Although I don't feel that I made an incorrect choice in my endorsement of Jane Norton for US Senate, I'm thinking that from the point of view of not coloring how people read my writing, I should in the future avoid endorsing anyone in a Republican primary except when there's a massive difference between candidates.
As I have not endorsed either Maes or McInnis (because I think they're both poor candidates), I probably should not have endorsed anyone in the Norton/Buck race because they're both good candidates. Again, this isn't to say that I don't support Norton. But I think public support distracts me from writing what I want and causes readers to question much of my writing on the topic as potentially biased...which is not an unfair question of someone who has endorsed a candidate.
It also gets tiresome to have so many readers repeatedly assign motivations to me such as being an "establishment windbag" when I've made my reasoning clear over and over and when such charges against me are laughable. Well, I may be a windbag, but I'm not establishment. It's a bad use of my time to refute these charges but I sorta feel like I need to.
I can also imagine that endorsing a candidate might make any writer a little less critical of something that candidate does or says which one normally wouldn't like, or more critical of the opposing candidate. I think I've done a pretty good job on this score, having pointed out several things I haven't liked in Jane's campaign (both policy and tactics), and having pointed out several things I did like about Ken Buck. But still, it's an unnecessary inclination to burden myself with.
All in all, having made myself somewhat of a lightning rod in this campaign has been an interesting, though not thoroughly enjoyable, experience. I've certainly learned a lot about the nature of political activists, most of it making me think that Republicans aren't nearly as much better than Democrats as I had hoped (in terms of behavior, not in terms of policy positions.) In that sense, what I've learned about many of my readers has been quite a disappointment. (For the record, I don't assume that nobody out there is disappointed with me. I've gotten plenty of hate mail. But that comes with the territory and I have a tough skin about such things since I'm reasonably sure that I'm doing what I'm doing the right way and for the right reasons. I assume the people whom I'm disappointed with feel the same way about themselves. And maybe they're right, but I just don't see it that way.
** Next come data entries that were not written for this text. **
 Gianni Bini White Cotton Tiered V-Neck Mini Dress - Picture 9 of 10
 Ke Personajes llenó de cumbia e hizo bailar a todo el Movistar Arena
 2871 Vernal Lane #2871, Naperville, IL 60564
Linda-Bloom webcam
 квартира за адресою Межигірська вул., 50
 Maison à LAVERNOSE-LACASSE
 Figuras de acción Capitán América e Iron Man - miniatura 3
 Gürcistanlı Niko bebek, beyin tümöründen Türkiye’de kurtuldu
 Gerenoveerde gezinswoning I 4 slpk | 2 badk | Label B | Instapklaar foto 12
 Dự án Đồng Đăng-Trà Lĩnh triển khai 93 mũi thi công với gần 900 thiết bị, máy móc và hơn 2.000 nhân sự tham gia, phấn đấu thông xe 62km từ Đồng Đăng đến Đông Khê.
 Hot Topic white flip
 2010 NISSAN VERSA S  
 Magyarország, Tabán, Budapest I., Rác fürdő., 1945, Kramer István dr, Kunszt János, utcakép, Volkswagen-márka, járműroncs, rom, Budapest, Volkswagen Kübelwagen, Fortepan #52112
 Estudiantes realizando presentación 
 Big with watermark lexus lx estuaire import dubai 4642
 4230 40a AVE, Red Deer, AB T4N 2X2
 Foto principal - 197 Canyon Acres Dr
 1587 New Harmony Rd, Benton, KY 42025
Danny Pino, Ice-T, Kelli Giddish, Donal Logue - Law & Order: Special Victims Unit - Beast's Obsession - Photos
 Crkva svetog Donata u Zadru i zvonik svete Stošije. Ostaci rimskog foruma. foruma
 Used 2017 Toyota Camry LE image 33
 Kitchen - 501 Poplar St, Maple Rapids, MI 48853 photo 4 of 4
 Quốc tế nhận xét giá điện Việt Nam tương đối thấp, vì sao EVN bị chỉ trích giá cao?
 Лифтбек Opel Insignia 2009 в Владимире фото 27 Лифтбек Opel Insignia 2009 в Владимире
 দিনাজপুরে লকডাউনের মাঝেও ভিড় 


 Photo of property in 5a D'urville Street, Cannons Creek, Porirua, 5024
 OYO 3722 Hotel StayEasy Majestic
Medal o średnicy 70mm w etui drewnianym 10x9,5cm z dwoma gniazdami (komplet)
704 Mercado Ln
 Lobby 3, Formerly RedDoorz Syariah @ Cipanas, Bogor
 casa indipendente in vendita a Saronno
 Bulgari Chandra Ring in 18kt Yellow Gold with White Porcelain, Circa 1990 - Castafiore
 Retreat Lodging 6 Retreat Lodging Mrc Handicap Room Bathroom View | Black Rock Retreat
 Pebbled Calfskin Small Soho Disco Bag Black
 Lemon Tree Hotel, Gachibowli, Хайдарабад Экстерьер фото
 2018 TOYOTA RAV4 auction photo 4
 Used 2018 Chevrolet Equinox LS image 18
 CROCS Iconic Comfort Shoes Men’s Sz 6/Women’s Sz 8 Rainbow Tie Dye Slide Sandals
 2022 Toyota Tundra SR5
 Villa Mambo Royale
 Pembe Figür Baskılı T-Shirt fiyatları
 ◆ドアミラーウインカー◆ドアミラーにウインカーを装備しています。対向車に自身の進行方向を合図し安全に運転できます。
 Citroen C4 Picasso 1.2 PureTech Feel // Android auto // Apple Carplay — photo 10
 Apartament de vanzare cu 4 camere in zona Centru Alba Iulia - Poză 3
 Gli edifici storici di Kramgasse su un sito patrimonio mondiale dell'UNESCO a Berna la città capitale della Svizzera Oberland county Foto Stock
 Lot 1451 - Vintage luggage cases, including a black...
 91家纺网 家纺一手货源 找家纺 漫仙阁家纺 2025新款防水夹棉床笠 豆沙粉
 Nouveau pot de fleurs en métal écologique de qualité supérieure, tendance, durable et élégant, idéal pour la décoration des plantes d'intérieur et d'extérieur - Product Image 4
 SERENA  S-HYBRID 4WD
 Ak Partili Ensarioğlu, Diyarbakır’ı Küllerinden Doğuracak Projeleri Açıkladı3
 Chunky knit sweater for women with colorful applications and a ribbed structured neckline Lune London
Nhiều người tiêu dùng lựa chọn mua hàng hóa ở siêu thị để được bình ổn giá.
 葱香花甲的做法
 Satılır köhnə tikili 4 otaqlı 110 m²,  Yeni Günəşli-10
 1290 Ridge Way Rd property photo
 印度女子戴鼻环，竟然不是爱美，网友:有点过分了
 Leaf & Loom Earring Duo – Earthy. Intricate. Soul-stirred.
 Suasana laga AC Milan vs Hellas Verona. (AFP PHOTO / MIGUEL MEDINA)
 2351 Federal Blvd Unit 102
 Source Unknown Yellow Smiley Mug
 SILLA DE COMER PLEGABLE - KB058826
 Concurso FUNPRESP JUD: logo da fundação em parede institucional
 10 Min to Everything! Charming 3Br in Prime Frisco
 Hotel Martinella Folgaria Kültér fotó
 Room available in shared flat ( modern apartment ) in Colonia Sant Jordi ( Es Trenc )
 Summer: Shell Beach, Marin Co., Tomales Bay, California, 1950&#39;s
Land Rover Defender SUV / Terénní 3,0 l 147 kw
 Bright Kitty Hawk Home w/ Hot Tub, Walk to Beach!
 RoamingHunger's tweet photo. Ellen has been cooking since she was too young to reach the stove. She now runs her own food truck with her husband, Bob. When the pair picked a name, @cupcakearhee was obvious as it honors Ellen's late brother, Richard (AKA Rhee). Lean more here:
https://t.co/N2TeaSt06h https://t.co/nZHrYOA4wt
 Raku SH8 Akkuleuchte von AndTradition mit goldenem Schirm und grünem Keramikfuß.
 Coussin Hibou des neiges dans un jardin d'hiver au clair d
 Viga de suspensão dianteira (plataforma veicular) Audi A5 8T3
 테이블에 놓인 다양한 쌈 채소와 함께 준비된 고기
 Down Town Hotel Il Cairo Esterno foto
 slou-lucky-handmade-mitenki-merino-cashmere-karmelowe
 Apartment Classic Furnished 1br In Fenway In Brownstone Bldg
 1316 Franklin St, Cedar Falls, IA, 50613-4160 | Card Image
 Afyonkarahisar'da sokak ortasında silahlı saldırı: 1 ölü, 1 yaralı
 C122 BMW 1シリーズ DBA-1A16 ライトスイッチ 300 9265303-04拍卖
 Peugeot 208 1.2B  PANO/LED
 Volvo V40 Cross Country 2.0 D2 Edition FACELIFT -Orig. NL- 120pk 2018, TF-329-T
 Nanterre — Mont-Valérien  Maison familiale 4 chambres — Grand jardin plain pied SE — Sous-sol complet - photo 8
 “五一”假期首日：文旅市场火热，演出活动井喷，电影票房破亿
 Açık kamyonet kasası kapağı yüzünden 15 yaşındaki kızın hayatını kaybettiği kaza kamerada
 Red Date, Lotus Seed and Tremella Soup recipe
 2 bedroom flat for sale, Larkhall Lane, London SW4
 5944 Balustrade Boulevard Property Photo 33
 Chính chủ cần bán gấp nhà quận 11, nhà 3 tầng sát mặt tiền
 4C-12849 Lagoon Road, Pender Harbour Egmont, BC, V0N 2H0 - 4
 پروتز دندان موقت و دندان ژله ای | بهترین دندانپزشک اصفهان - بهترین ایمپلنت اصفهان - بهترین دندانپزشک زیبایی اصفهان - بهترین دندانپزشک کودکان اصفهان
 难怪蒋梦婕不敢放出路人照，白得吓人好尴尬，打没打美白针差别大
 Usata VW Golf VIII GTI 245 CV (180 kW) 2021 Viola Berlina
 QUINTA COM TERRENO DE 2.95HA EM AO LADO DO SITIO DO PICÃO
In any case, at least we don't kill each other over such disagreements in this country.)
All these things together lead me to believe that most of my blogging brethren who chose not to endorse a candidate were wiser than I am.
So, while I'm quite comfortable with my endorsement of Jane Norton in this race, in the future I'm only going to endorse a candidate in a Republican primary if there is a candidate who is substantially better than the other(s). (Or I might negatively endorse, i.e. suggest voters stay away from, a candidate who is substantially worse than the others in a multi-candidate race.) There's little gain and much downside for me in endorsing a candidate in a race with two about-equal candidates, whether they're equally good (like our senate race) or equally bad (like our governor's race).